Balcón con dos figuras

Juan Muñoz es un artista poliédrico, que cultivó la escultura, pero realizó también obras radiofónicas y teatrales, dibujos, escritos y ensayos. Es una figura clave en la escultura española e internacional de las décadas de 1980 y 1990, y un revitalizador de la escultura figurativa desde una óptica moderna y narrativa, basada en su profunda erudición, la cual le permite aunar en sus creaciones distintas fuentes literarias, filosóficas, musicales, etc. Pese a su temprana muerte, fue autor de una amplia producción, que culminó en Double Bind (Doble vínculo), de 2001.

Pieza única realizada en 1992, cuando el artista residía con su esposa, Cristina Iglesias, en el Trastevere romano, Balcón con dos figuras es una de sus célebres conversation piece o escenas de conversación. Está compuesta por un balcón metálico y dos figuras de terracota de personajes anónimos, con rasgos genéricos y despersonalizados, y de tamaño inferior al natural.

Muñoz comenzó a trabajar con fragmentos arquitectónicos -como escaleras, puertas, barandillas y balcones- a principios de los años ochenta. En concreto, los balcones se han relacionado con el sentido de la vista, pues son lugares desde los que ver y ser visto. Primero los concebía vacíos y, posteriormente, poblados de personajes absortos en sí mismos, ensimismados. Aislados y descontextualizados, los balcones no dejan de tener cierto carácter de inutilidad, de extrañamiento, lo que potencia aún más el propio aislamiento de las figuras. En cuanto a la disposición de estas últimas, se ha relacionado con la obra de Goya (Majas en un balcón), en un claro diálogo con la historia del arte español.

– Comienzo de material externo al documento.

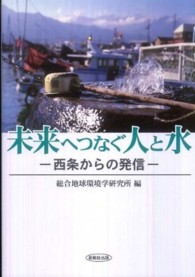 未来へつなぐ人と水 - 西条からの発信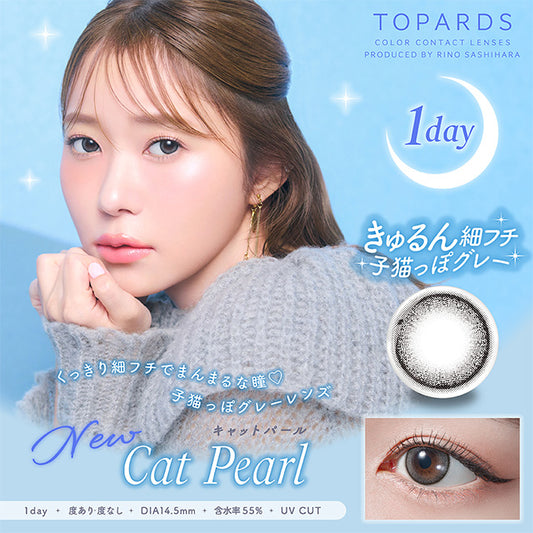 img:トパーズ キャットパール-img1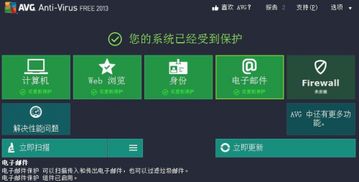 色锐雯激活码及杀毒软件官方下载,数据驱动分析解析 4DM1_v8.879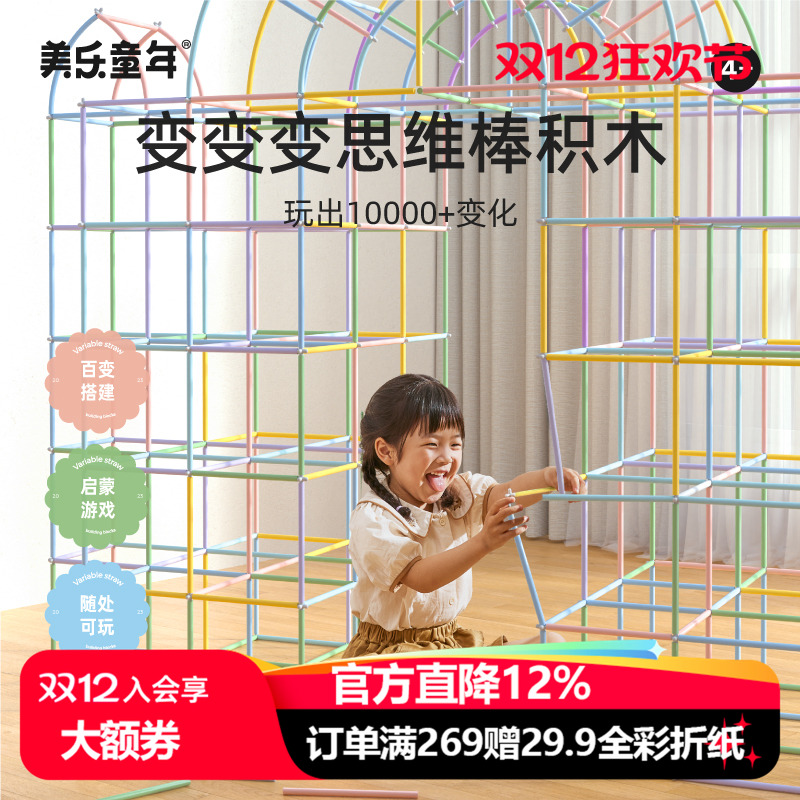 美乐童年幼儿园早教拼接吸管积木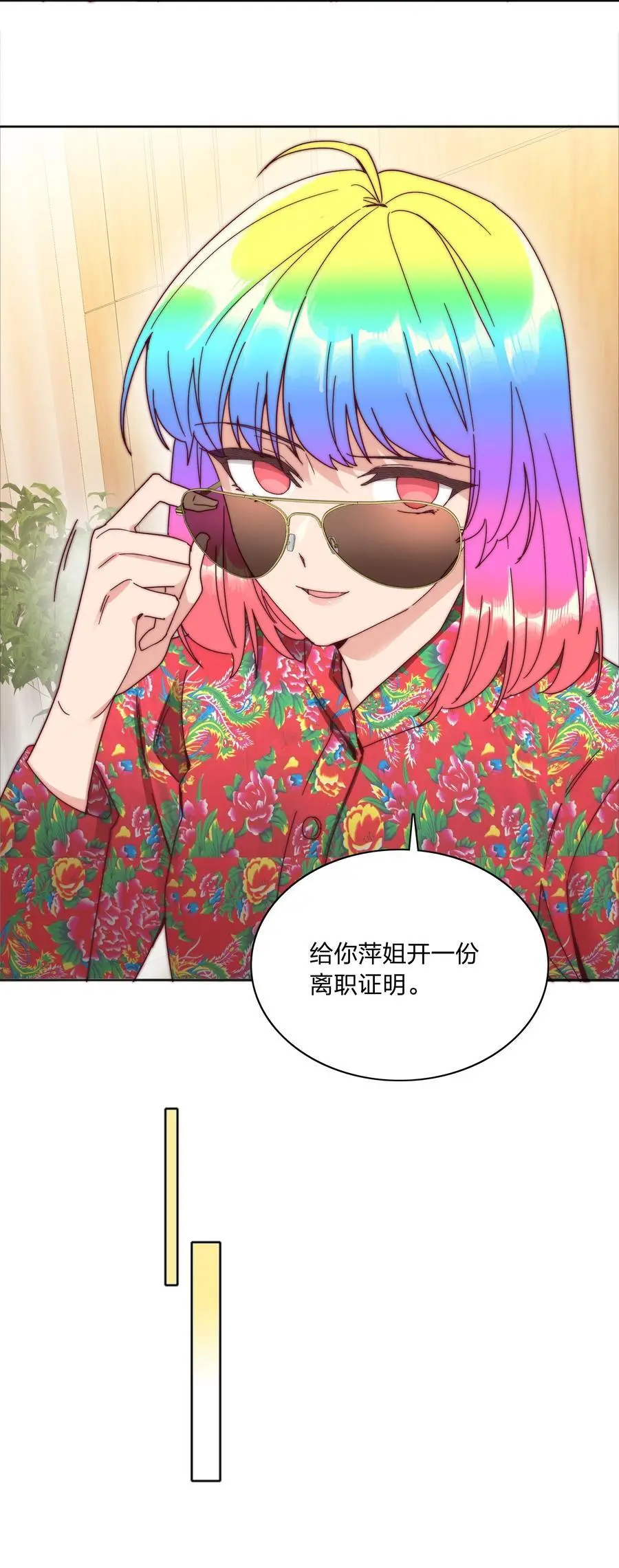 又被后辈下克上漫画,067 宠物1图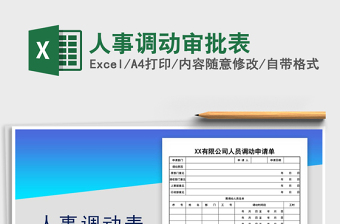 2021年人事調(diào)動(dòng)審批表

Por otra parte, y como suele ser habitual en su producción, juega un papel fundamental su ubicación y su relación con el espectador, es decir, la «puesta en escena» de la obra en el espacio expositivo. En este sentido, la fusión entre escenografía teatral, espacio arquitectónico y figura escultórica contribuye a potenciar un relato simbólico donde prima la densidad psicológica y el interrogante espacial.

Procedente de una colección particular, esta obra fue subastada en Nueva York en 2004, donde fue adquirida por Plácido Arango, quien la donó al Museo, junto con otras 32 obras, en 2017.